I’m going to put it into my performance art notebook that I will be keeping.
I’ve got a special new notebook with a black glossy cover and some plums on the front of it.
It’s really arty, and er… fruity.
I’ve already made my first entry.
It says:
Winter of Love.
I’ll just add my “Labradad” idea.
Labradad. A portrait of a dad who is half pipe smoking bloke and half Labrador. He’s confused between the two worlds. Between pipes and sticks. I’m thinking an improvised dance piece. Perhaps the Labradad fetching sticks. Or pipes?
Or ducks?
Hmmmmm.
I love my parents but they’re not normal. Or around much. But they have let me come back to Dother Hall – even though I’m not allowed to board.
It was great staying with Cousin Georgia. It was brilliant on the boy front as well.
She got her Ace Gang round to teach me “wisdomosity” and also “snogging techniques”. We all tucked up in her bed, which was cosy.
Georgia said, “Have a jammy dodger and give us the goss snogwise.”
All the gang were wearing false beards to help me get into the mood.
So… I told her about going to the cinema in Skipley with some boys from Woolfe Academy. I told her about my first kiss. With floppy Ben. And how it was like having a little bat trapped in my mouth.
Her Ace Gang looked at me.

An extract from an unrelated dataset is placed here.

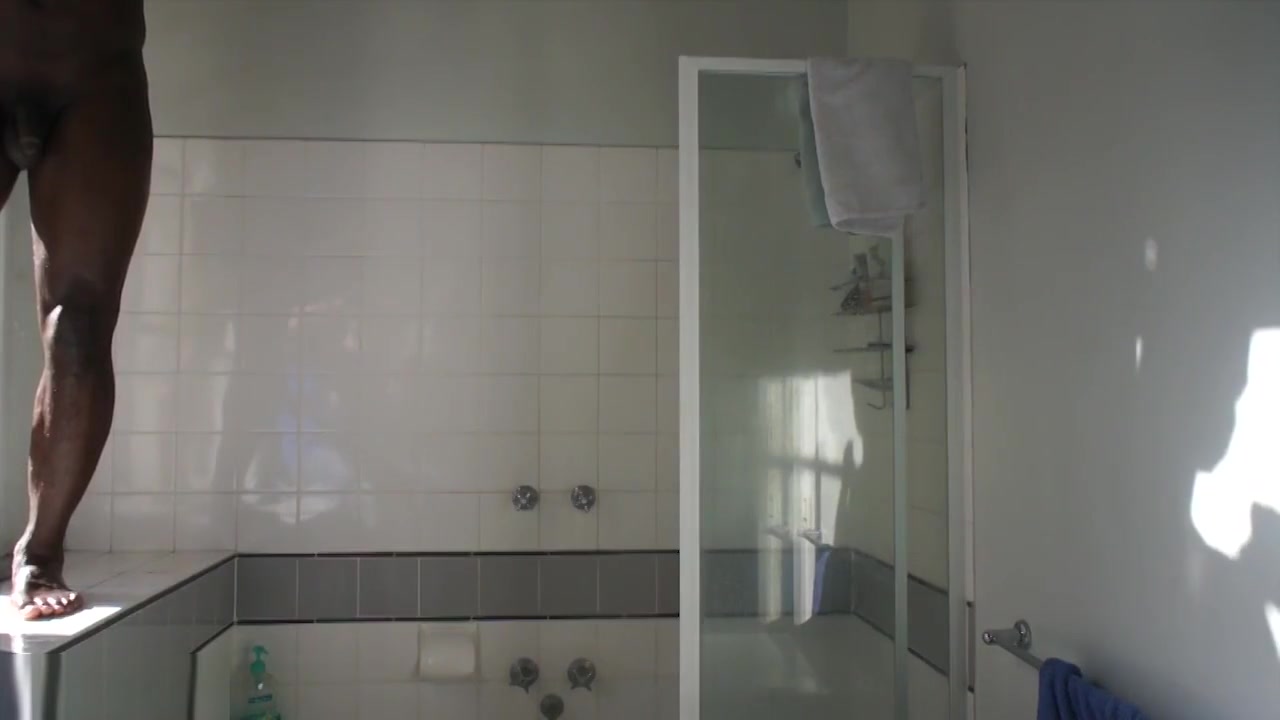 angus shower br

Then Georgia said, “Are you a fool with just a hint of an idiot thrown in?”
Then they gave me their wisdomosity about boys. And snogging.
Gosh, Georgia knows a lot.
About varying pressure of the lips, what to do with your tongue, (don’t waggle it about like a fool), the scoring system for snogging, (Number 1 to Number 10, I can’t remember all of them but I do remember Number 4 is “a kiss lasting over three minutes without a break”. You need a mate for that one, so that they can time it for you.).
Honestly. I couldn’t believe it.
I’m dying to try out my new skills.
The amount she knew, she must have spent most of her time doing snogging research.
I said that to her and she said, “I did, my strange gangly coussy. But I have put aside snogging to teach you the ways of boydom. I do it because I luuurve you. But not in a lezzie way.”
Which is good.
I think.
What is a “lezzie way”?
I think it’s to do with girl snogging.
But I didn’t ask.
Oh chuggy-chug-chug. Come on, train!!!
I wonder what time the rest of the Tree Sisters will arrive tomorrow? I can ask Honey about the lezzie thing, she will know.
Oh, here we are at the train station. Hurrah!!! There’s its sign swinging in the biting gale force wind. Just as I remember:
Skipley Home of the West Riding Otter.
Hang on a minute, some Northern vandal has painted a “b” and a “y” over the otter bit. So now it reads:
I have just got off the showbiz express and now I am getting on the bus of hope. Which will transport me to… The Theatre of Dreams.
I can see the bus driver through the closed door, sitting in the driver’s seat. I recognise him from last term. I wonder if he recognises me?
As I hauled my bag on board up the steps he put the pipe to one side of his mouth and shouted, “Stop messing about and get on if you’re getting on, merry legs. It’s bloody parky with that door open.”
I said, “Why did you call me merry legs?”
He said, “Because you’re lanky and your legs are all over the shop.”
I paid my fare and he said, “Come back to prat around like a fool at Dither Hall again, have you?”
Before I could say, “It’s Dother Hall, actual—” he accelerated off so violently that I shot down to the end of the bus and almost ended up in a small child’s pushchair. Luckily there wasn’t a small child in it, just a pig.
The woman with the pushchair said, “Mind my pig.”
I am huddled up well away from her, but I think I can still smell pig poo.
We bumped along the road to Heckmondwhite. The driver is careering along sounding his horn whenever there is anything in his way on the road. Pedestrians. Bicyclists. A cow pat. But he slowed down behind a lollipop lady who was walking home. With her sign. She tried to let him pass but he cheerily waved her on and drove slowly behind her. Then for no reason when we got to a sharp corner he revved up and blasted his horn and she fell into a hedge. He was laughing so much I thought he might swallow his pipe.
I couldn’t help being excited. This is like a postcard of a winter scene in Yorkshire. There is even some snow on the top of Grimbottom Peak. And I shivered as I thought about Fang up there. Raising his fictitious children as fictitious puppies.